Does telephone-delivered exercise advice and support by physiotherapists improve pain and/or function in people with knee osteoarthritis? Telecare randomised controlled trial.

Br J Sports Med 2020 Jul 20;54(13):790-797. Epub 2019 Nov 20.

Centre for Health, Exercise and Sports Medicine, The University of Melbourne, Melbourne, Victoria, Australia.

Objective: Evaluate a physiotherapist-led telephone-delivered exercise advice and support intervention for people with knee osteoarthritis.

Methods: Participant-blinded, assessor-blinded randomised controlled trial. 175 people were randomly allocated to (1) existing telephone service (≥1 nurse consultation for self-management advice) or (2) exercise advice and support (5-10 consultations with a physiotherapist trained in behaviour change for a personalised strengthening and physical activity programme) plus the existing service. Primary outcomes were overall knee pain (Numerical Rating Scale, range 0-10) and physical function (Western Ontario and McMaster Universities Osteoarthritis Index, range 0-68) at 6 months. Secondary outcomes, cost-effectiveness and 12-month follow-up were included.

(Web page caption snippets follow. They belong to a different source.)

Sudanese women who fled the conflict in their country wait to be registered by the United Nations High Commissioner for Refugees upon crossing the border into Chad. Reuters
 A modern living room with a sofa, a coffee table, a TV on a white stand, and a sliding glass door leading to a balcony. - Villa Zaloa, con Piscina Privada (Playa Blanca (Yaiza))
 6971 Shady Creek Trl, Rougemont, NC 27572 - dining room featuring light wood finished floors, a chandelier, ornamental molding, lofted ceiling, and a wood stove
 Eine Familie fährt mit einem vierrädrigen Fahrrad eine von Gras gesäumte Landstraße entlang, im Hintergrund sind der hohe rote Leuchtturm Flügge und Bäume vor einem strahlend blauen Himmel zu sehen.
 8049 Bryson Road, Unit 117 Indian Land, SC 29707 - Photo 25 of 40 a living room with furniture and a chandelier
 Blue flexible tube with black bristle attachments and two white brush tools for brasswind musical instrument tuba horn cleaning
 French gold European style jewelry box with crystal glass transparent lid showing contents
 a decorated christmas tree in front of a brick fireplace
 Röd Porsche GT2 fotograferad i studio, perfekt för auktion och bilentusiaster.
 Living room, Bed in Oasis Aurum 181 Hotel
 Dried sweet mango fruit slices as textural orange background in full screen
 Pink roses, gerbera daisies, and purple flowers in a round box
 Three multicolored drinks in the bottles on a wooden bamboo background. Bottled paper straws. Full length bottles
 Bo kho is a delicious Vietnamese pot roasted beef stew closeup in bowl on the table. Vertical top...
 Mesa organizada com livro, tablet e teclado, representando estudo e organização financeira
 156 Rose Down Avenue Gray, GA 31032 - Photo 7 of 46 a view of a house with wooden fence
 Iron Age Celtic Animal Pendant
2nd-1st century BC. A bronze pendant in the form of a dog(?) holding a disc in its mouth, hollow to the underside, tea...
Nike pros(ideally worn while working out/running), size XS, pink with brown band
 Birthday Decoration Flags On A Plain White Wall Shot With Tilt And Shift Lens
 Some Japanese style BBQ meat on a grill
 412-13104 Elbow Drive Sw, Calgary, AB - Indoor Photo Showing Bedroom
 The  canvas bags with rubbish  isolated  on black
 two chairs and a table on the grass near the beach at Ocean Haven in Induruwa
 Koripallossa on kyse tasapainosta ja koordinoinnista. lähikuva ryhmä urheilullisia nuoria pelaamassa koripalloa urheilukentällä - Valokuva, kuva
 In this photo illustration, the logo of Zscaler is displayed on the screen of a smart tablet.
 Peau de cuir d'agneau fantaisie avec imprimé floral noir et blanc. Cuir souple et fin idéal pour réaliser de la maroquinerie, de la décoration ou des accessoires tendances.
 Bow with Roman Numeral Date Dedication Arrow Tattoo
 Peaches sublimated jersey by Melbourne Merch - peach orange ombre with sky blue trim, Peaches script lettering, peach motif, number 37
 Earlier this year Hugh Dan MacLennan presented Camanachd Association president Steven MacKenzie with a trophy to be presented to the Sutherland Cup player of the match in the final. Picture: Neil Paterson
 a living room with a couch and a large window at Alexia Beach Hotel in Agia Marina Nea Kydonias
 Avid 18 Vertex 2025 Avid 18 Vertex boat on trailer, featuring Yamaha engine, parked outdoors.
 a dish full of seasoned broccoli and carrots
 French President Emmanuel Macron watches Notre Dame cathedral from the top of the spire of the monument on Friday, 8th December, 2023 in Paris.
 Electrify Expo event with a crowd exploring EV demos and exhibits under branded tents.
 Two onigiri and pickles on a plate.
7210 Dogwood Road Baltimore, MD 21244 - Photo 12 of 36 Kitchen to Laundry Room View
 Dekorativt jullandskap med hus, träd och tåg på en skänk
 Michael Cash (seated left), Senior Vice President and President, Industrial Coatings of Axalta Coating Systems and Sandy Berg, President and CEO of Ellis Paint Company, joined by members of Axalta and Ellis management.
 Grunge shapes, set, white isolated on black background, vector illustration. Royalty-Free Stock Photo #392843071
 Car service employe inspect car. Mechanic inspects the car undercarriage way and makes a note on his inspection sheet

Results: 165 (94%) and 158 (90%) participants were retained at 6 and 12 months, respectively. At 6 months, exercise advice and support resulted in greater improvement in function (mean difference 4.7 (95% CI 1.0 to 8.4)), but not overall pain (0.7, 0.0 to 1.4). Eight of 14 secondary outcomes favoured exercise advice and support at 6 months, including pain on daily activities, walking pain, pain self-efficacy, global improvements across multiple domains (overall improvement, improved pain, improved function and improved physical activity) and satisfaction. By 12 months, most outcomes were similar between groups. Exercise advice and support cost $A514/participant and did not save other health service resources.

Conclusion: Telephone-delivered physiotherapist-led exercise advice and support modestly improved physical function but not the co-primary outcome of knee pain at 6 months. Functional benefits were not sustained at 12 months. The clinical significance of this effect is uncertain.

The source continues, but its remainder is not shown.